[Start of Attachment]

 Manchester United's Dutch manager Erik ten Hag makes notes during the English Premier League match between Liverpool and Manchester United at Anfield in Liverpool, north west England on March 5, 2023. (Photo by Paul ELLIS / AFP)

[End of Attachment]
[Start of Attachment]

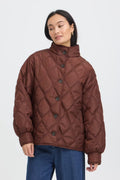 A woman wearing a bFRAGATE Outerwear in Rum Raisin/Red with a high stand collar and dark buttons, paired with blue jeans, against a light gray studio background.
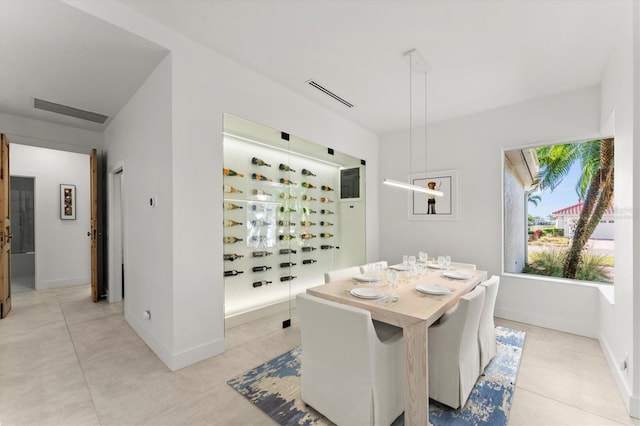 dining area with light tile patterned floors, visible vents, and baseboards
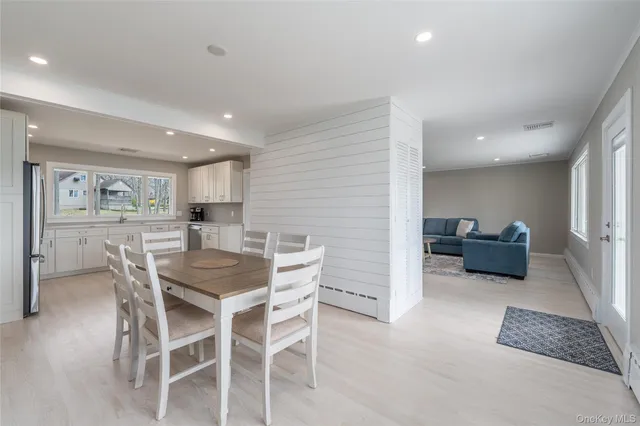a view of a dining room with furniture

[End of Attachment]

The output is the stretch above from the line with "A woman wearing" through the line with "a view of a dining room with furniture", copied word for word with both ends kept and every picture dropped.

 A woman wearing a bFRAGATE Outerwear in Rum Raisin/Red with a high stand collar and dark buttons, paired with blue jeans, against a light gray studio background.
 dining area with light tile patterned floors, visible vents, and baseboards
a view of a dining room with furniture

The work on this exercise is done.